Exercise requirements: Beginning with the line that holds "Fate Coin Chapter 06 Gambar 50", copy every remaining line of the listing below exactly, and leave the pictures out.

Record excerpts:
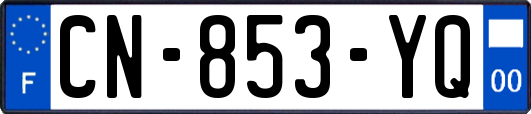 CN-853-YQ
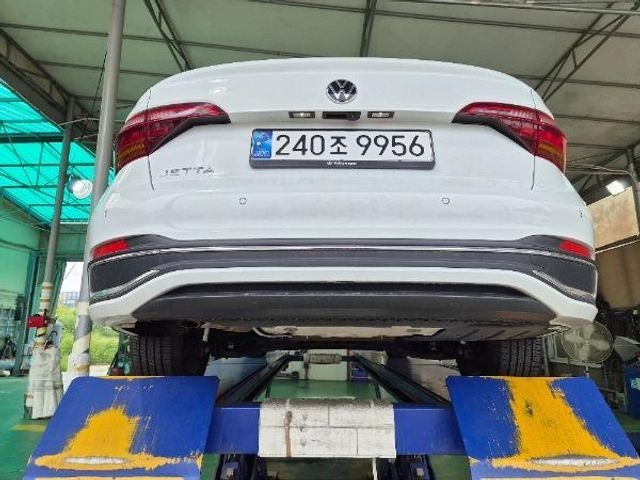 Volkswagen Jetta 2024 — inspection photo 2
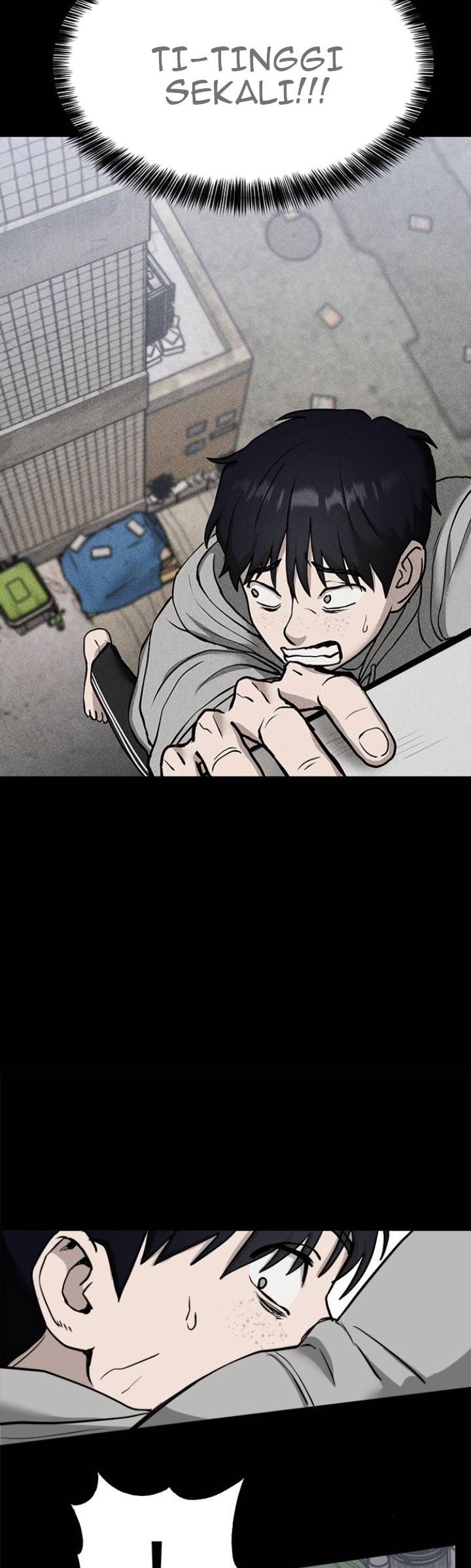 Fate Coin Chapter 06 Gambar 50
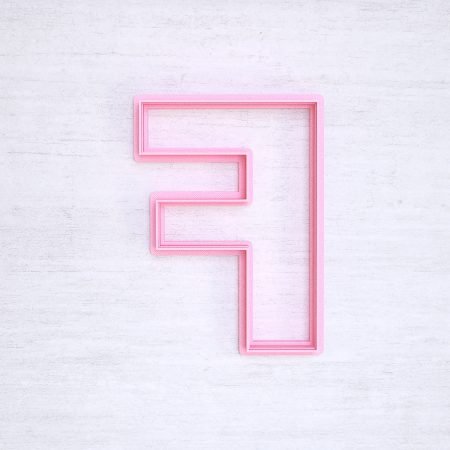 Letra F M1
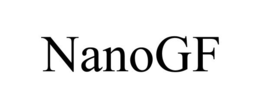 NANOGF trademark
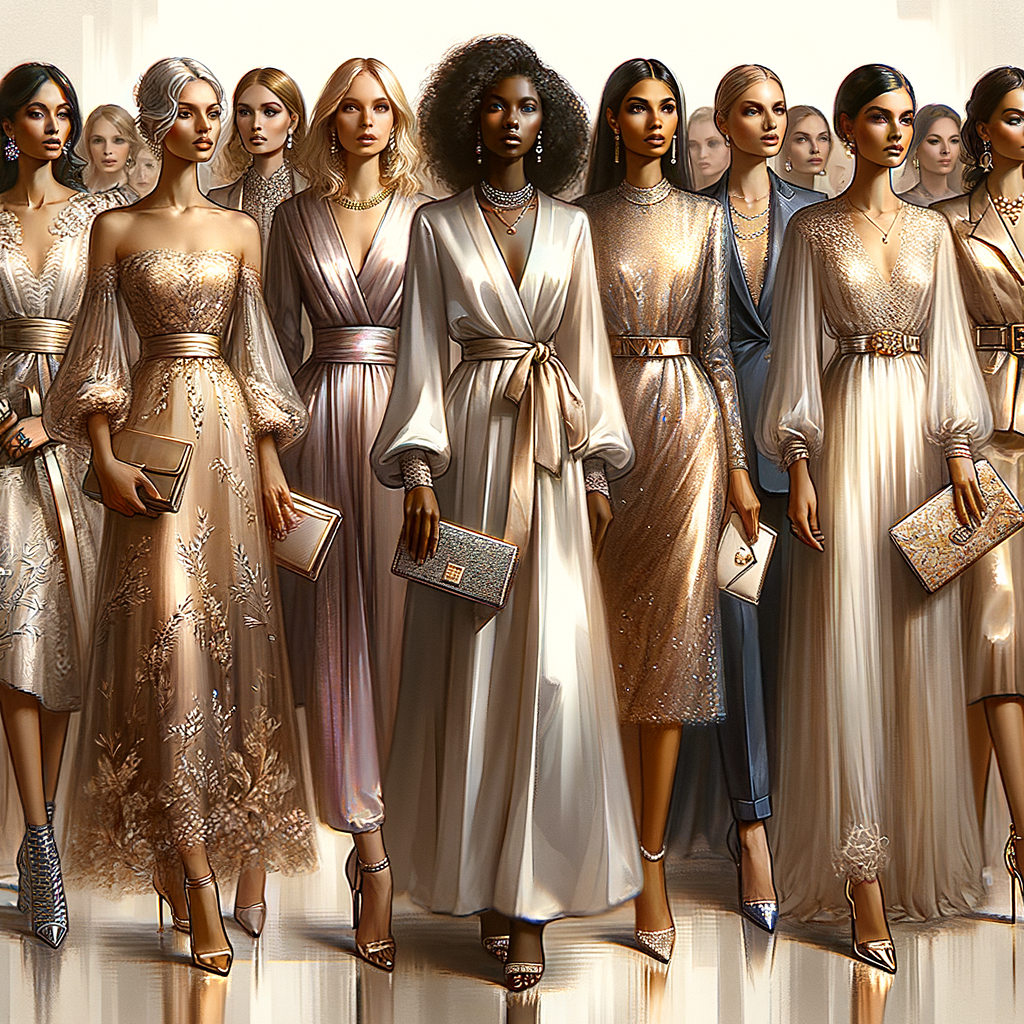 luxury What to wear from  Luxury Handbags Marketplace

Task solution:
 Fate Coin Chapter 06 Gambar 50
 Letra F M1
 NANOGF trademark
 luxury What to wear from  Luxury Handbags Marketplace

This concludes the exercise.